Analysis on data scraped from Glassdor

Primary LanguageJupyter Notebook

Analysis on data scraped from Glassdoor

We will scrape data from Glassdor first and then do some interesting analysis.

Requirements

Scraping

  1. Steps to scrape salary data:
  • First change director by cd Scraper/SalaryScraper and edit file salary_scraper_specific.py to include your Glassdor username and password.
  • Now run python salary_scraper_specific.py and wait till scraper stops.
  1. Steps to scrape review data:
  • First change director by cd Scraper/ReviewScraper, and then run command python run_all.py.

Data pre-processing

After we obtain review and salary data for each company, the next step is to merge these individual tables and pre-process to clean the outliers. This stage generate following tables:

  • merge_reviews_table.csv
  • fulltime_merged_salaries_company_table.csv
  • intern_merged_salaries_company_table.csv

In order to generate above tables run python merge_table.py

Analysis

Our analysis procedure tries to answer following questions.

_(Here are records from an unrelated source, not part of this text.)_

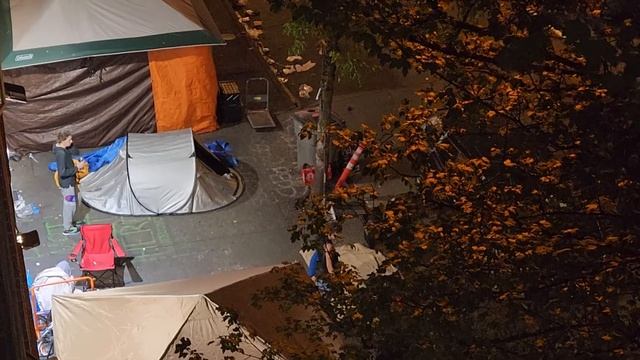 My building Oasis is responsible for this person putting A-tent right up in front of our door 😬 смотреть онлайн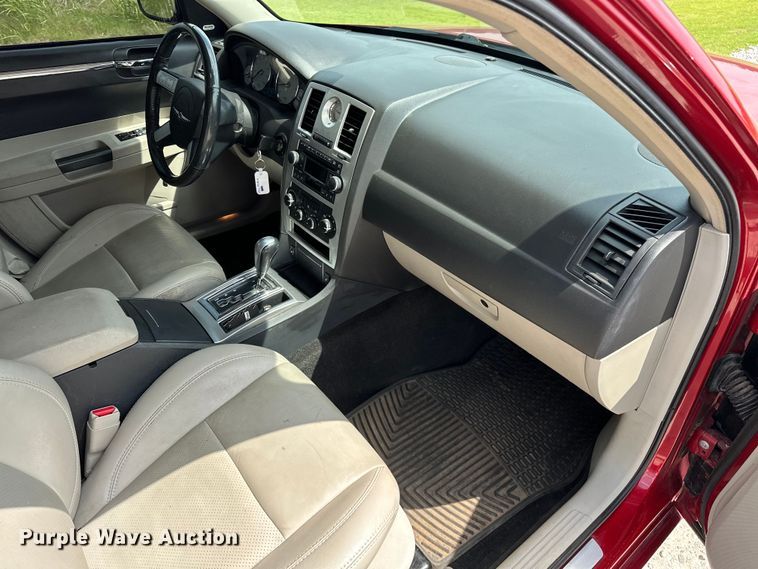 image for item NR9879 2006 Chrysler  300C 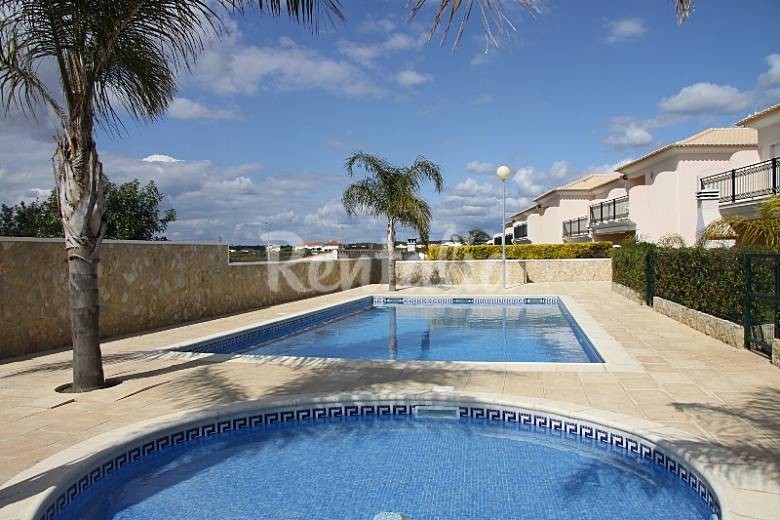 Casas de fim de semana: piscina e praia num condomínio privado em Albufeira (fotos)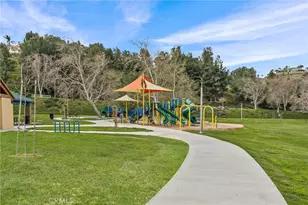 1559 San Fernando Dr, Corona, CA 92882 - Photo 44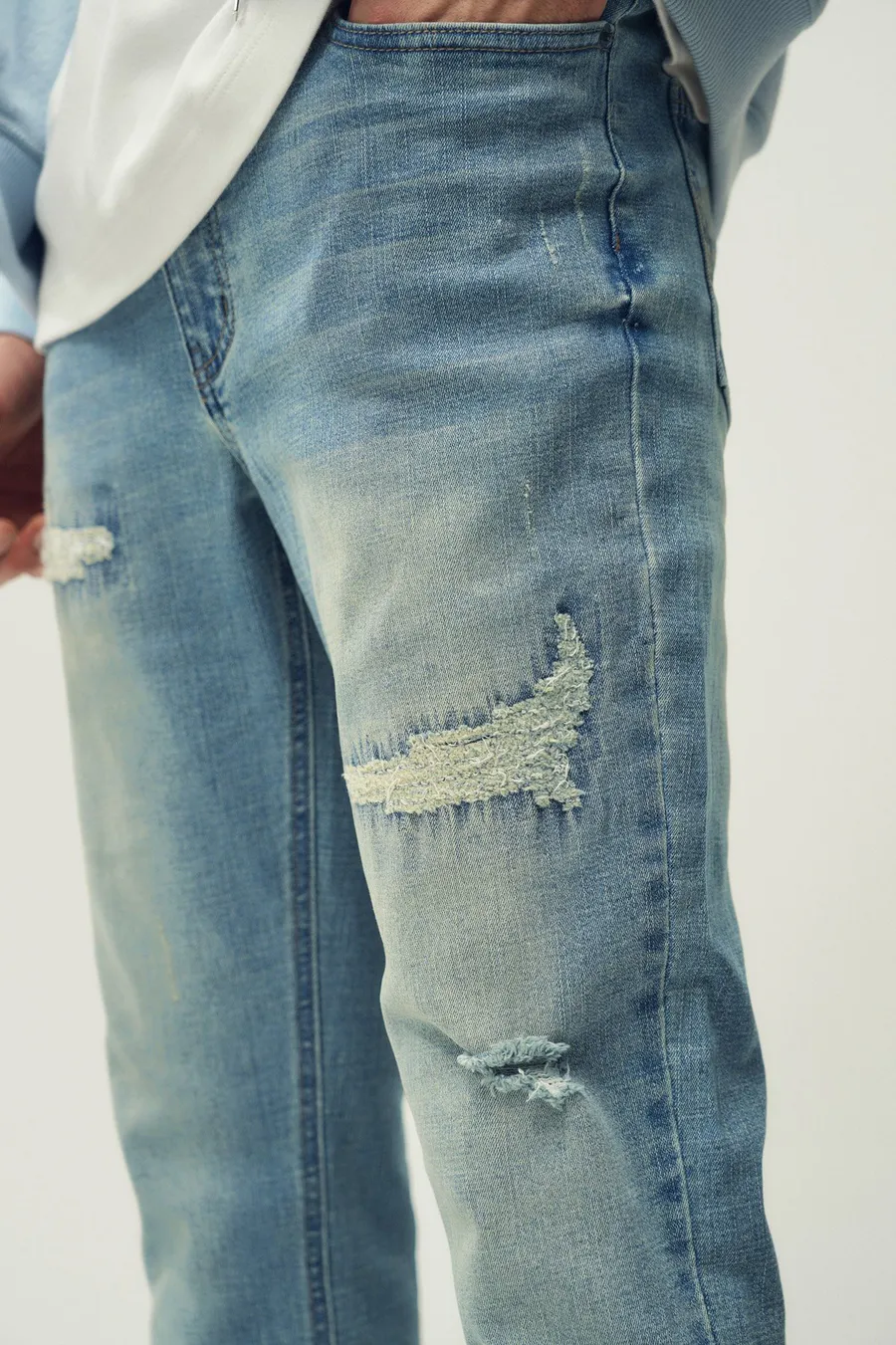 Calças de ganga slim · Homem · Creme · Modelo 2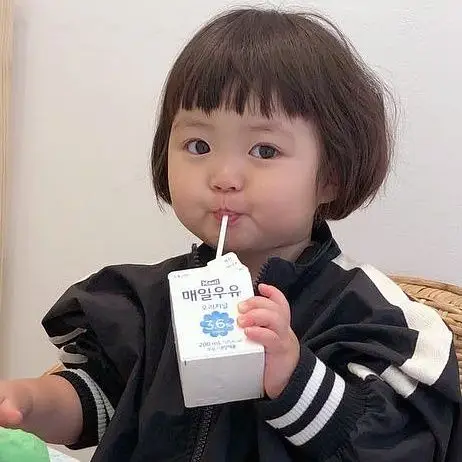 姐妹们有没有小动物小玩偶或者小孩子喝牛奶的头像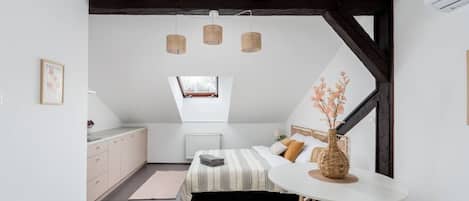 Iron/ironing board, WiFi, bed sheets
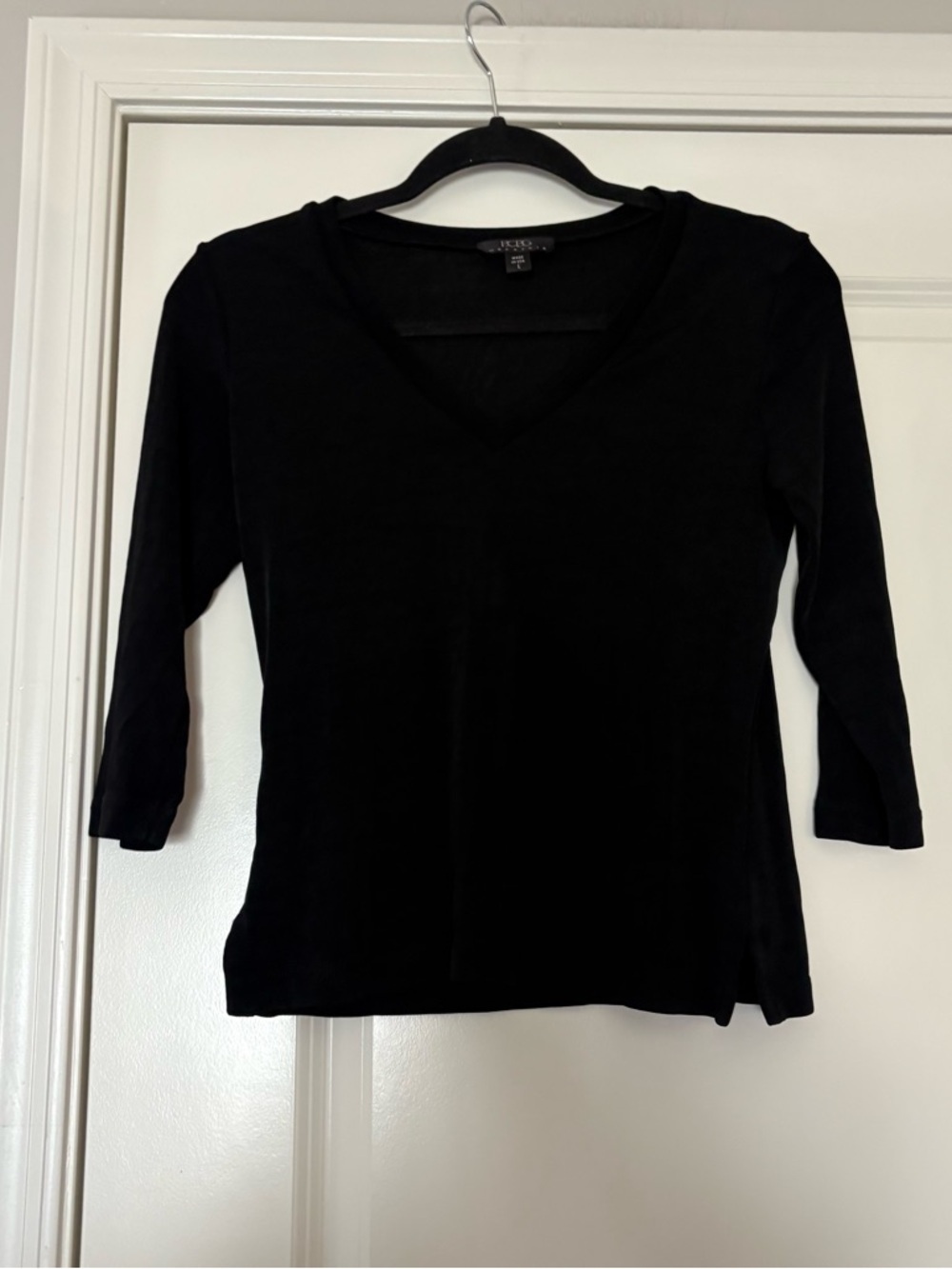 BCBG Maxazria Women’s Vintage Black V-Neck Classic 3/4 Sleeve T-Shirt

  • Which company offers the highest average salary?
  • Which field has more jobs?
  • Are interns paid generously?
  • Which job category provide the highest average salary?
  • Which state in US offers the most job opportunities?
  • Which city should you move if you are looking for a job?
  • How do employees rate their CEOs?
  • Will they recommend their company to their friends?
  • What feedback do employees give for the companies they are working?

These analysis can be seen by running demo.ipynb notebook.